Orbital invasion in grade III was associated with the worst survival outcomes. Invasion of either the extraocular muscles or eye globe is not a contraindication for eye-sparing surgery. Preoperative chemoradiation continues to offer hope to patients with a strong desire to preserve their eyes.

摘要

背景

本研究旨在回顾我们对合并眼眶侵犯的鼻腔鼻窦鳞状细胞癌(SNSCC)的治疗策略,并探讨放疗在保留眼眶中的作用。

方法

我们回顾性分析了过去 15 年中 93 例接受放疗联合或不联合手术治疗的合并眼眶侵犯的 SNSCC 患者。眼眶侵犯程度分为 3 级。

结果

88 例患者表现为 T4 肿瘤,36 例患者为 III 级眼眶侵犯。72 例患者接受手术联合放疗,67 例患者接受铂类为基础的化疗。生存患者的中位随访时间为 60 个月。全组患者 5 年总生存率(OS)为 57.4%。

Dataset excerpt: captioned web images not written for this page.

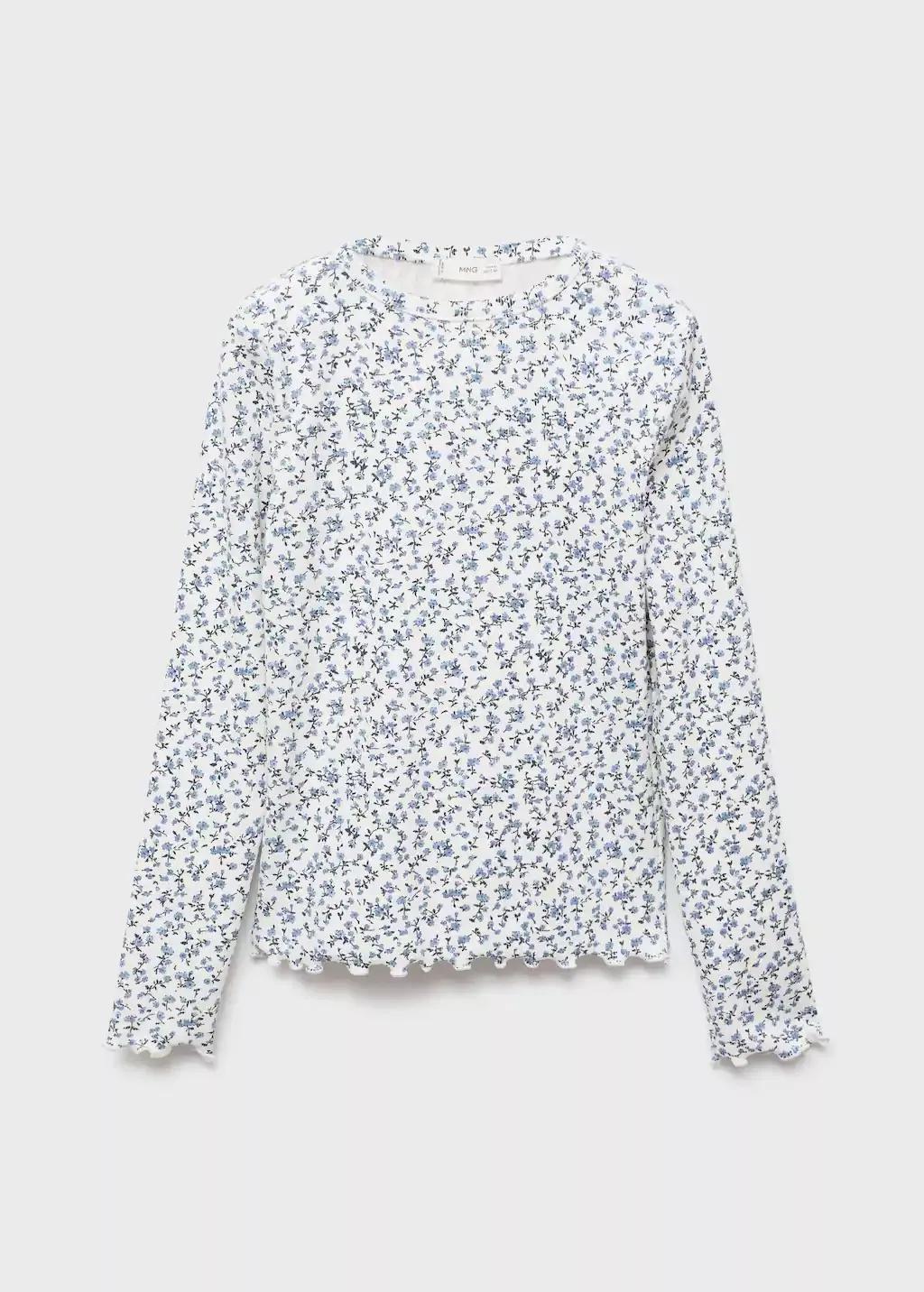White Floral-Print T-Shirt, Kids Girl, , medium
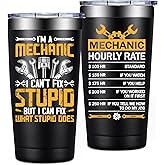 SpenMeta Mechanic Gifts for Men - Christmas, Fathers Day, Birthday Gifts for Mechanics - I'm a Mechanic I Can't Fix Stupid Tumbler Cup 20oz
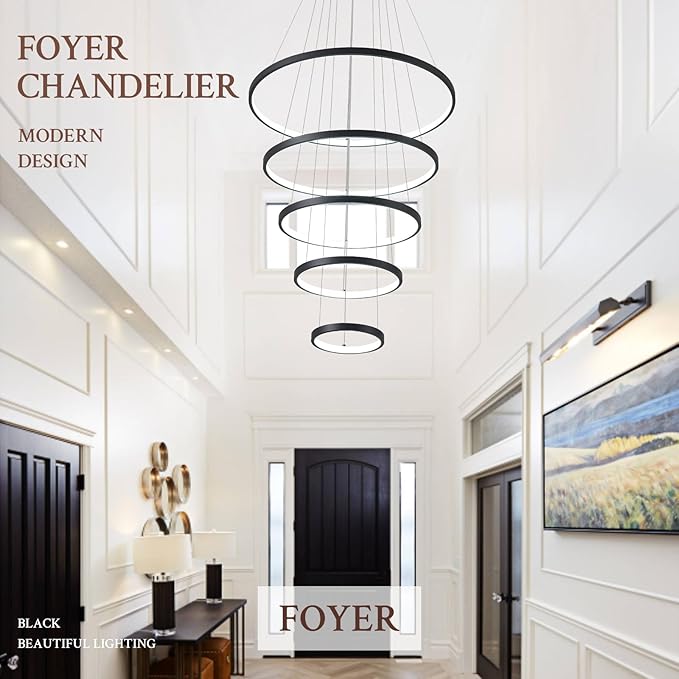 5 Ring Modern LED Chandelier Dimmable Black High Ceiling Chandeliers for Foyer, LED Contemporary Large Pendant Lighting with Remote Control Circular for Living Room Staircase, 3000K-6500K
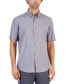 Фото #1 товара Men's Alfatech Geometric Print Stretch Button-Up Short-Sleeve Shirt, Created for Macy's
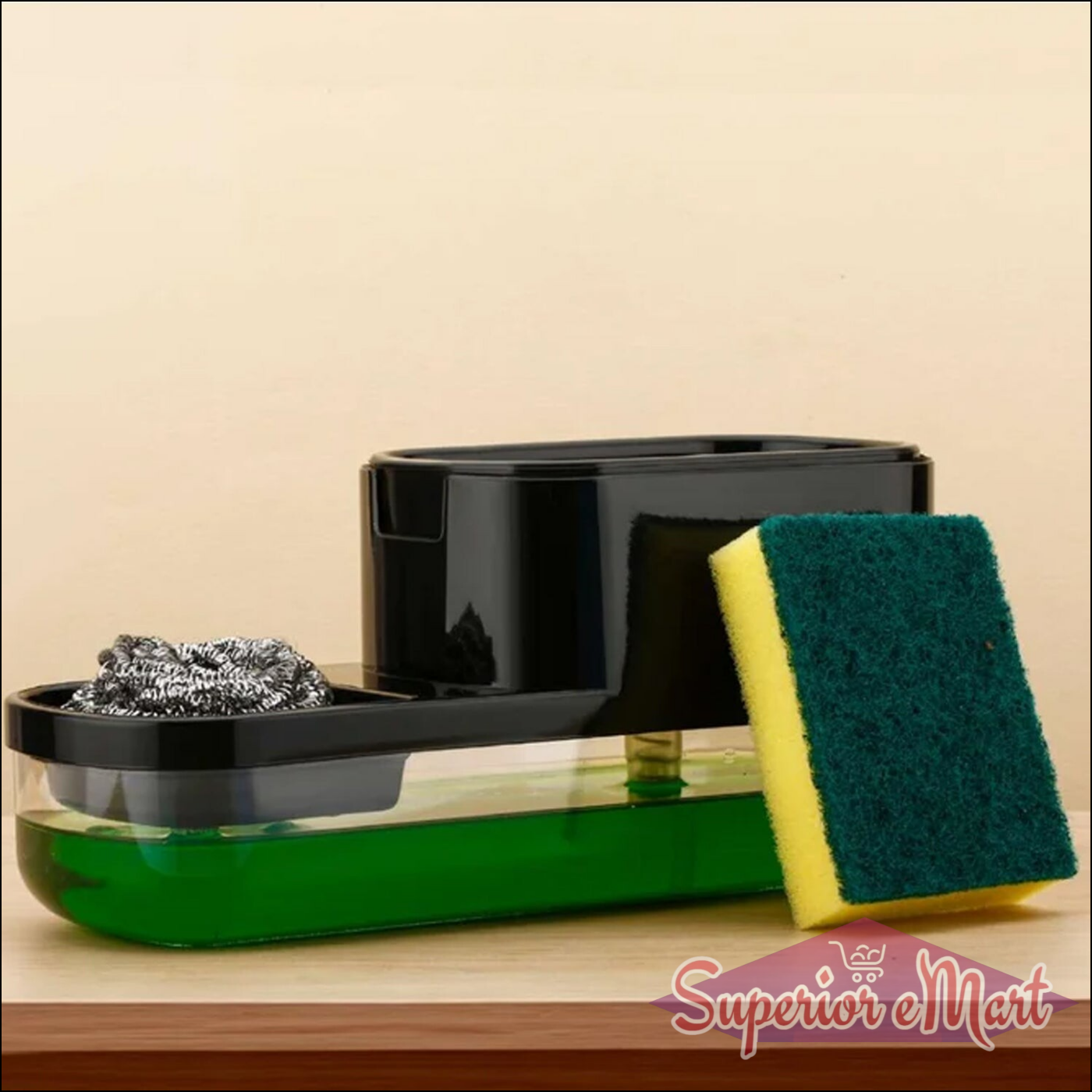 2 In 1 Dish Soap Liquid Dispenser Sponge Holder - Superior eMart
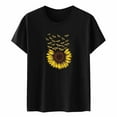 thumbnail image 4 of Fshinging Plus Size Tops For Women Plus Size Sunflower Butterfly Print Short Sleeve Summer Casual Slim Vintage T-Shirts, 4 of 5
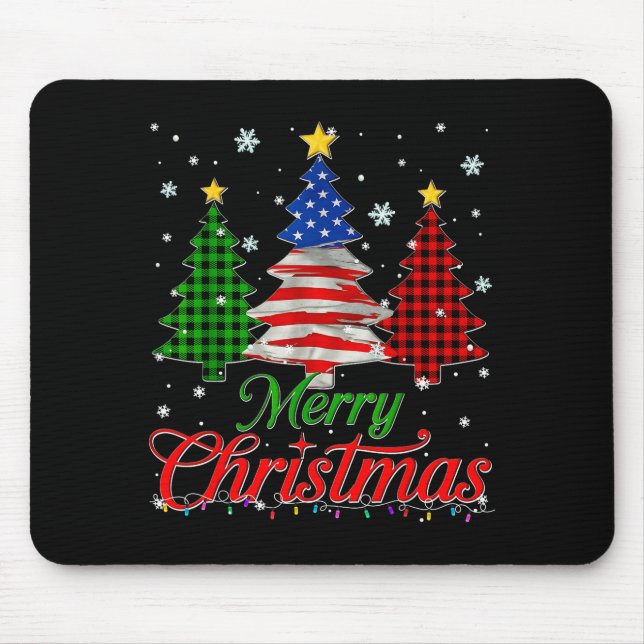 Tapis De Souris Merry Christmas Tree Plaid Us Flag Snowflake Xmas  (Devant)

接受手术联合放疗的患者 5 年生存率为 62.2%,90.3%的病例可行眼眶保留。21 例累及眼外肌或眼球的 SNSCC 患者也进行了眼眶保留。接受眼眶保留治疗的患者 5 年局部区域无复发生存率(LRFS)为 69.5%,接受眼眶剜除术治疗的患者为 57.1%,差异无统计学意义。两组患者 5 年生存率、5 年无进展生存率(PFS)和 5 年无远处转移生存率(DMFS)相似。III 级眼眶侵犯与 OS、LRFS、PFS 和 DMFS 较短有关。

结论

III 级眼眶侵犯与最差的生存结果相关。眼外肌或眼球受累不是保眼手术的禁忌证。术前放化疗仍然为有强烈保眼愿望的患者带来希望。